Perhaps rosdistro shouldn’t be assumed to be the only way to distribute/discover ROS packages as it is pretty cumbersome. What rosindex needs to cover non-rosdistro packages? I think this is a better question.

You can ask for a repo to be indexed without formally releasing the package. rosindex even has ui for this, Add Repository

But as with most formal opt-in options, the adoption of this is very low. I scanned for packages that just had doc entries in rosdistro a few months back, and found very few (IIRC fewer than 10).

I have not had any interactions with the original author of rosindex, but I get the impression that his hope was that it would widely include packages that were not part of the official releases. For that to happen though, IMHO it would happen because an individual (or group of individuals) took on the task of curating a list of non-official packages that people ought to know about. I’m sure there are probably blog posts or github repos somewhere out there with lists of cool ROS packages, but it takes more than a one-off effort to be sustainable. It would be fairly trivial to include such a curated list into rosindex.

Of course including them into rosindex does not solve the problem I’ve brought up, that rosindex is designed to find packages, but what people really need to find are (stacks/frameworks/projects/collections).

:rkent

Well, somebody needs to curate the data a bit. Or do you suggest a bot should crawl the internet and register anything at least remotely resembling a ROS package?

Submitting a package just for indexing (i.e. no buildfarm builds) is quite easy. A pull request with 5 lines of YAML. But it needs to be tediously repeated for all ROS distros in which the package is assumed to work.

So maybe it would be good to create a “gather all” “release” where people could just register their package once and forever (and I wouldn’t use rolling for that). I can even imagine a colcon extension like “colcon register” that would construct the PR automatically. To even more increase the number of people using this mechanism, colcon could even check (after build? or when?) whether the package is registered, and if it’s not, it could type some hint in the terminal.

Yes, such packages could be super low quality, but at least they would be better discoverable. To limit the amount of packages a bit, a bot could verify the repo URLs and delete the record when it ceases to exist.

A problem with the low-quality packages could be that they even don’t have valid package.xml, containing dependencies on nonexistent packages etc. So ROS index would have a pretty hard time with them. But the recently added rosdistro PR bot could guide the authors through a few improvements steps.

No, I am suggesting that somebody (or some team) could curate a list of interesting packages that could be included in an official version (or unofficial fork) of rosindex.

Looking at the list from @doganulus, nebula, carma, and issac are interesting frameworks that would be good to include. ratslam seems to be an obsolete. That takes curation of some sort to expose, particularly since the package download statistics would not be available for unofficial packages. It would not be hard though to include other indicators of package usage such as Github stars or forks.

I’m sorry, @rkent, you were too fast responding. I was reacting to @doganulus .
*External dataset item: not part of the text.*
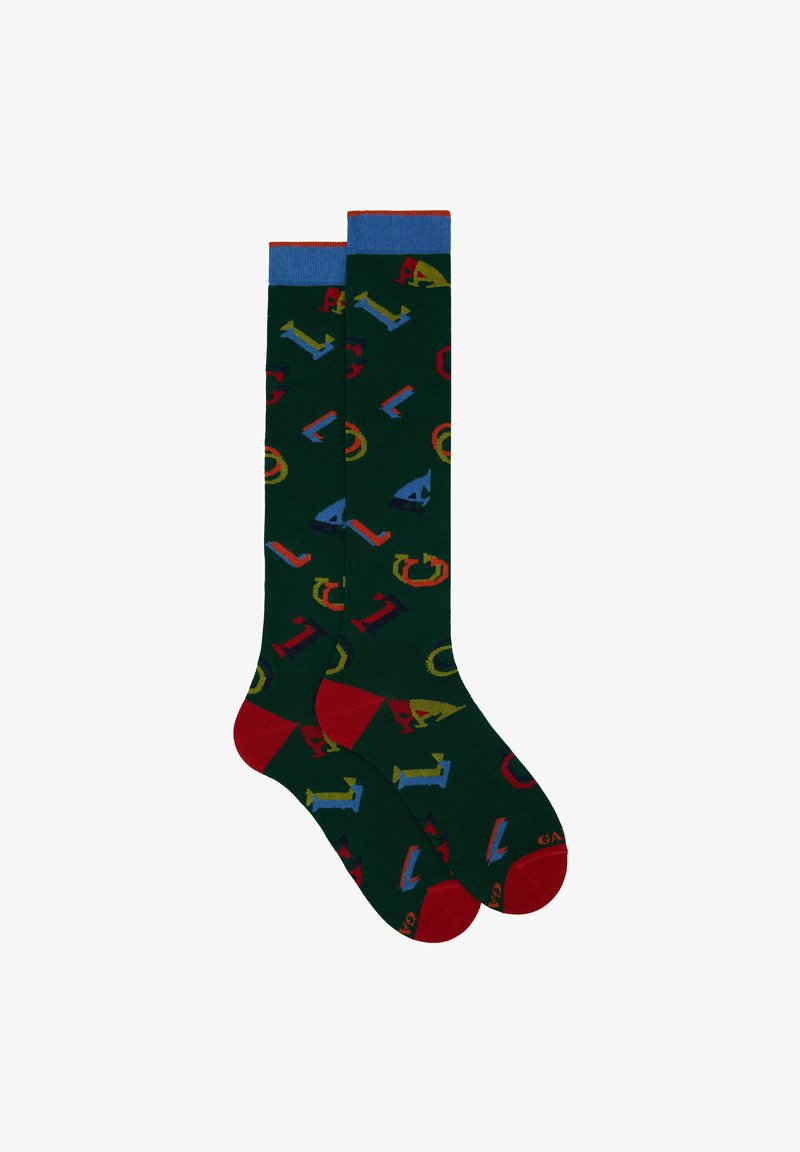 Gallo LONG WITH COLOURED LETTERS MOTIF - Calze - eucalipto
Anyways, curated lists created by 3rd parties are a nice thing, but they still miss quite a lot. I think providing more options to 1st parties would increase the coverage the most.
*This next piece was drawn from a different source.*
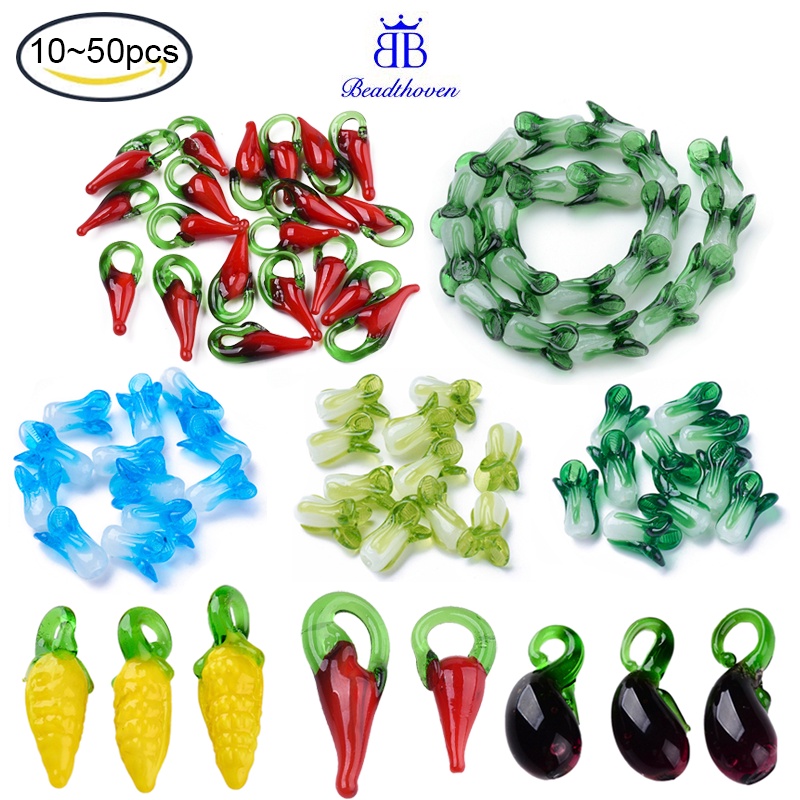 Beadthoven 10-50pcs Handmade Lampwork Beads Vegetable Chinese Cabbage ...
Regarding stacks/collections/groups, could there be a bot that would cluster the package names and contact the maintainers of the cluster with a suggestion for specifying the collection more formally?
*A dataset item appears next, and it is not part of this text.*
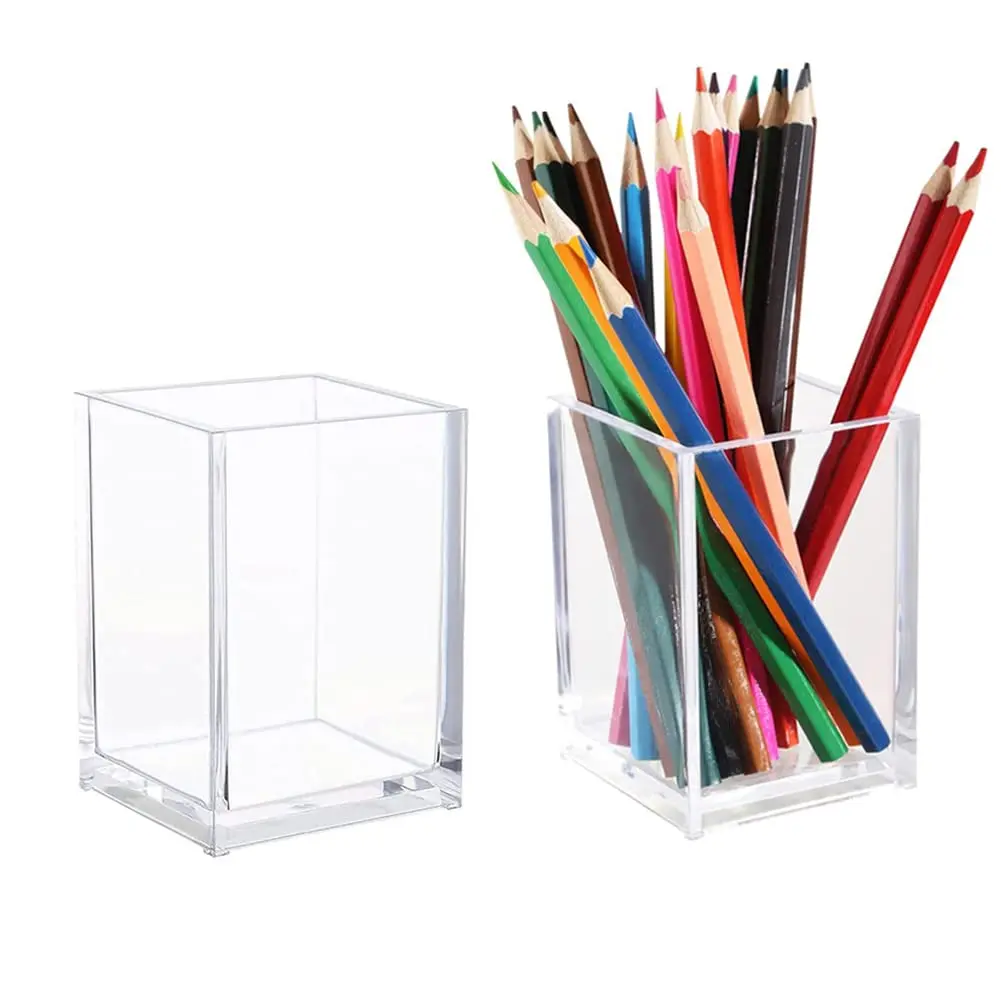 Table Custom Acrylic Pen Holder For Home And Office Accessories Display With Design Desk Stationery Items Supplies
That would be easily solvable with ROS 1 stacks. A normal package cannot depend on stacks. Only stacks can depend on other stacks. So if your stack would circularly depend on another stack, just turn the stack dependency into a dependency on the stack’s packages.

They type of the dependency doesn’t matter. If anything in Repository B depends on something in repository A, repository A has to be released first. Likewise, if anything in repository A depends on something in repository B, then repository B must be released first. It’s impossible for both repository A and repository B to be released first, thus a deadlock because of the circular dependency.